Nonetheless, there was a curious fact about Andy that contradicted this impression; and it was always a mystery to me. How could this clean cut eager to please young man, who, even though, he was a college grad could still pass for a teen, be the Captain of the Brown University Soccer Team?
Over the years, the answer became clear to me. Andy’s polite and gentlemanly fighting spirit never failed to amaze me. This personable, honest, upright, fair-playing young man was simply determined to WIN! Losing, or even coming in second, was out of the question! And I watched him lead our team to victory, time and time again. But, in all the years, I knew him, I never saw him cheat, or lie, or say a bad word about anybody.

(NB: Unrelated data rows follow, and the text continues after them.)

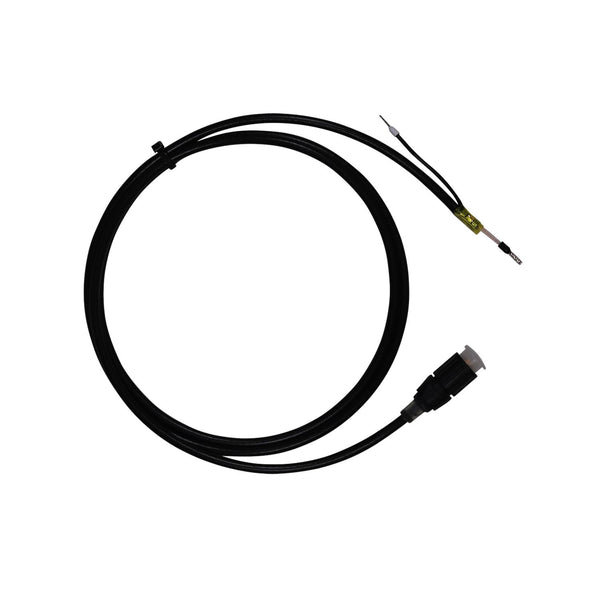 Grundfos 96609182 - Spare Cable | 1m | Submersible | Borehole | Vertical | High Head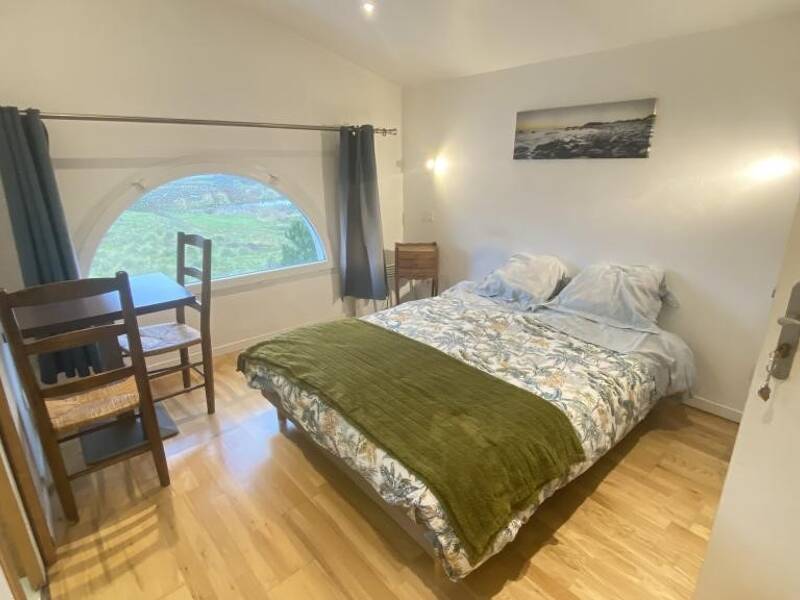 Maison à louer, 19m², SAINT HILAIRE DE RIEZ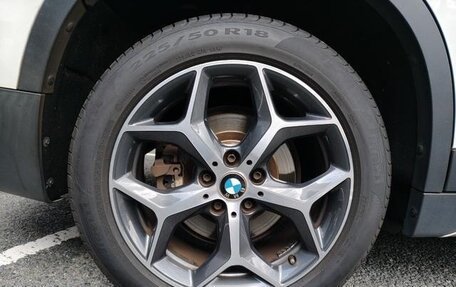 BMW X1, 2017 год, 1 600 000 рублей, 13 фотография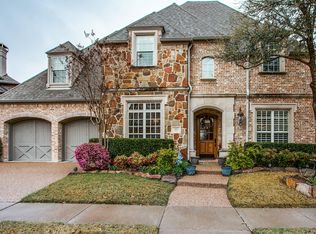 508 Spur Dr, Allen, TX 75013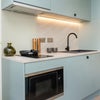 Photo 2: Personal kitchen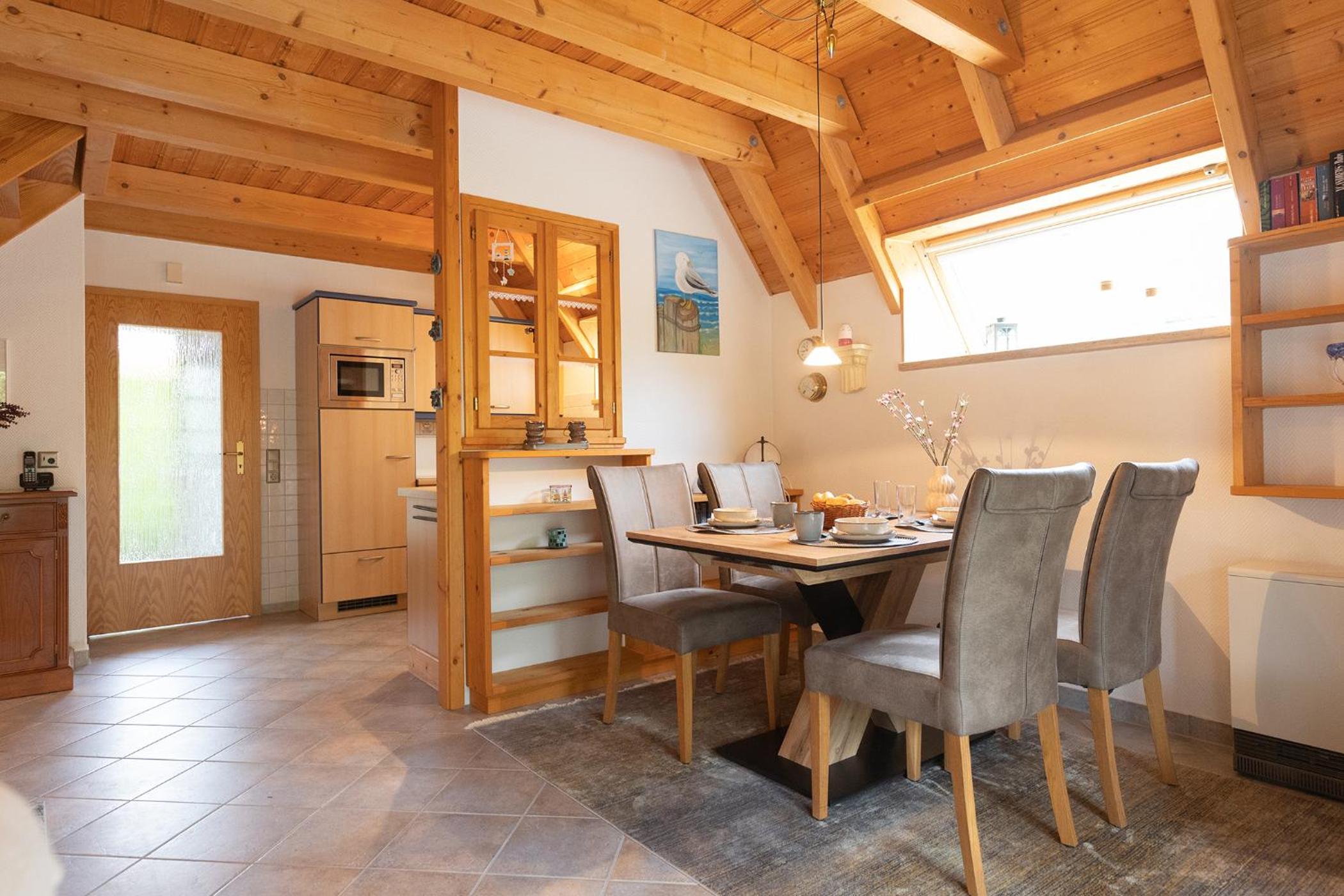 Ferienhaus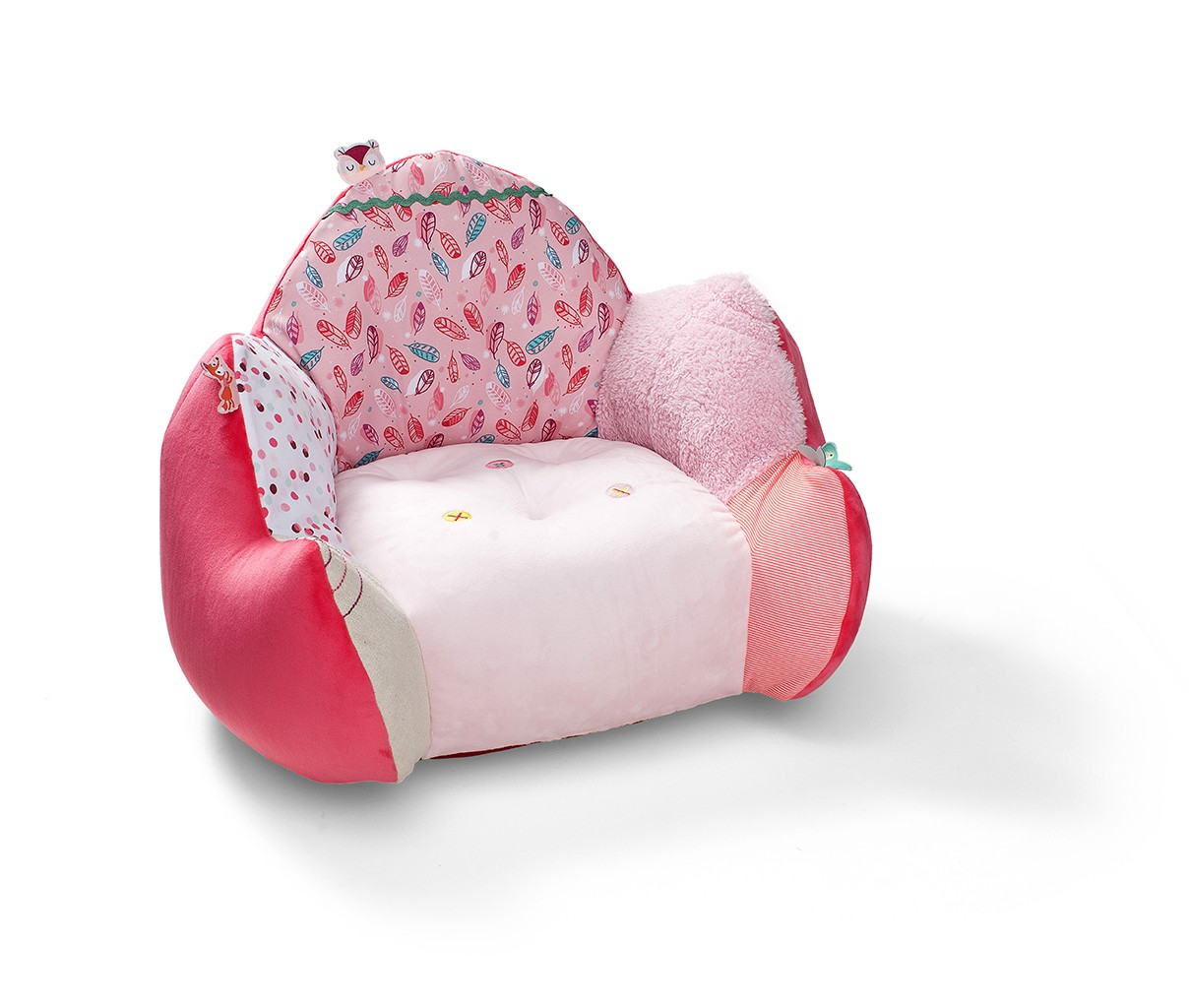 Lilliputiens Louise Club Chair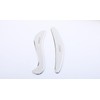 STICKON Medical Grade Stainless Steel Gua Sha Set 2pcs Scraping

And, whenever we experienced defeat, whenever a project, into which we had invested all our hopes and dreams was deemed hopelessly dead, Andy always had a word for that occasion, one word only: “NEXT.”
And that is what he said on this occasion. Among the notes from our weekly meetings, which had continued even though Mike had opted out of attending them. I discovered one dated, July 1984. I was surprised to learn that as early as that, we had, in fact, already moved on to “NEXT”
I was also surprised to see that Next was called, “Lullaby Babies.” Soon after that, the name must have been changed to “Lullaby Dreamers,” which is the name that I remember. When CBS Toys bought the concept the following year for an even bigger sum than Weenies, they changed the name again to “Sleep Stars.” But I see here, that even in mid-July we had many of the Characters pinned down. My God! So this was happening at the same time the Helmsley Palace Weenies Presentation was taking place. Even before the Weenies were dying, the Sandman was already flying his Enchanted Dreamboat through the Midnight Skies. And this time I was flying solo.
Many a concept has come and gone since then. Only a precious few of them survived. Most died and were flushed away as frequently as goldfish down the toilet bowl. Meanwhile, throughout the years, in the darkest corner of my studio, high up in the shadows where no ray of sunlight ever shines, the Weenies Display, the very one that had its day at the Helmsley Palace, remains. Through the gloom, its colors still shine as vibrantly as they did on that special day in NYC, when the Weenie’s future still looked bright.
Now, coming to the end of this website, I realize why I avoided doing this for so many years. There is so much here that I had swept under the carpet of forgetfulness, so many sweet and painful memories. I invested so much of my heart and soul and then still youthful creative energy into this pleasant Weenie fantasy. Even to this day, more than a little part of me remains behind, and still resides in Bunville USA.